Look below for the line with "Sheep grazing with virtual fence technology" and the line with "dog, basset hound, bloodhound". Copy exactly those two lines and every line between, but not the pictures.

========================================================================

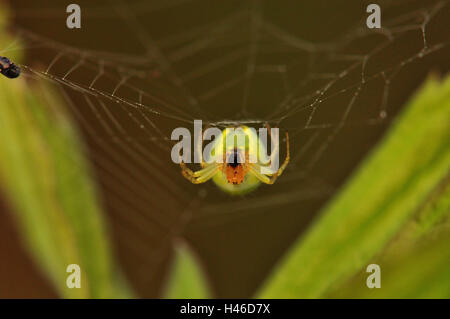 Kürbis Spinne im Netz, frontal, Stockfoto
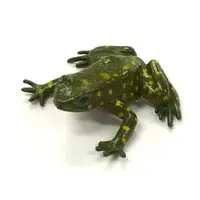 Trading Figure - Primary Color Amphibian Frog Encyclopedia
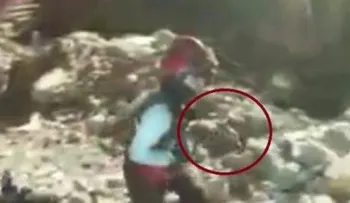 Hallan pato con vida 5 días después de sismo  de Ecuador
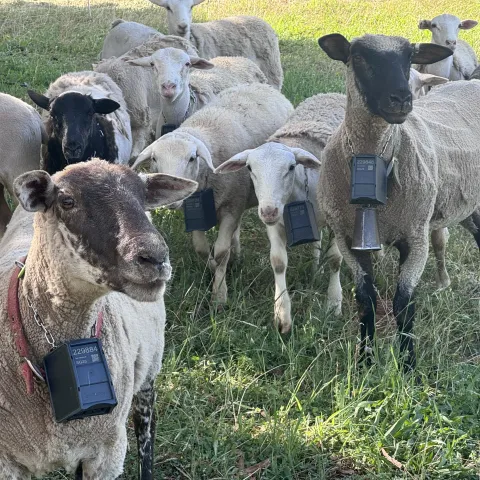 Sheep grazing with virtual fence technology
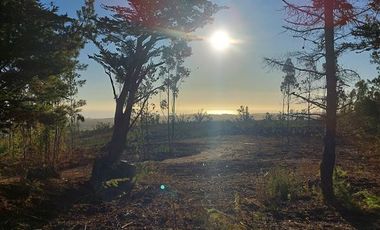 Parcela en Venta en Cardonal de Panilonco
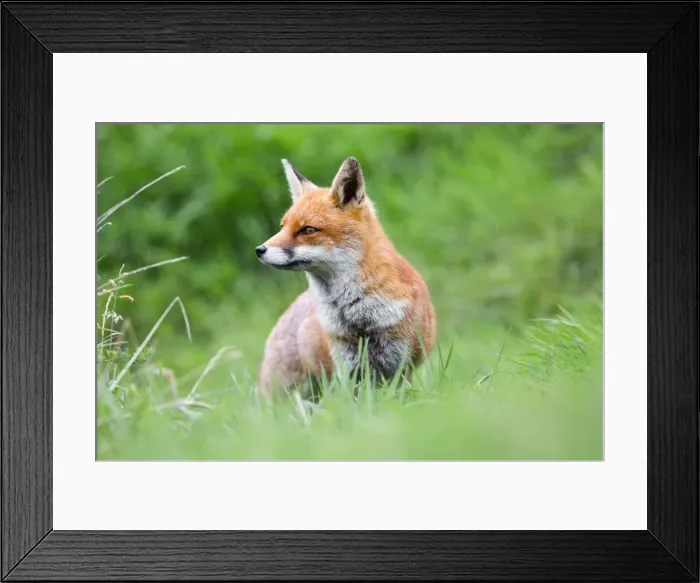 Framed Print : Fox - in the rain - UK Framed Print : Fox - in the rain - UK
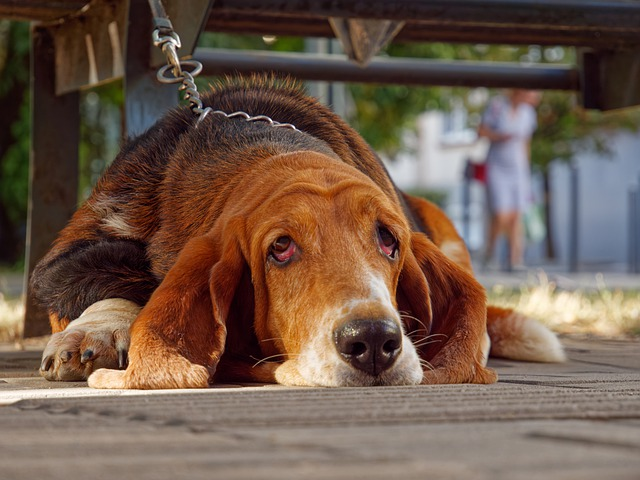 dog, basset hound, bloodhound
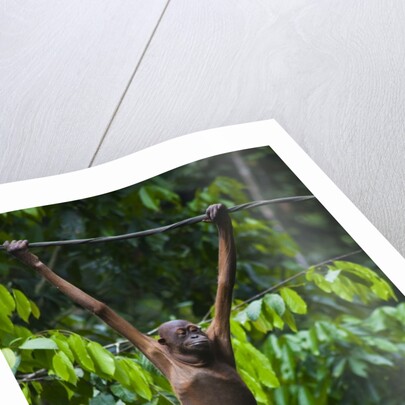 A sick baby orangutan (Pongo pygmaeus) at the Sepilok Orangutan Rehabilitation Center by Anonymous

========================================================================

* [Answer to this task]:
 Sheep grazing with virtual fence technology
 Parcela en Venta en Cardonal de Panilonco
 Framed Print : Fox - in the rain - UK Framed Print : Fox - in the rain - UK
 dog, basset hound, bloodhound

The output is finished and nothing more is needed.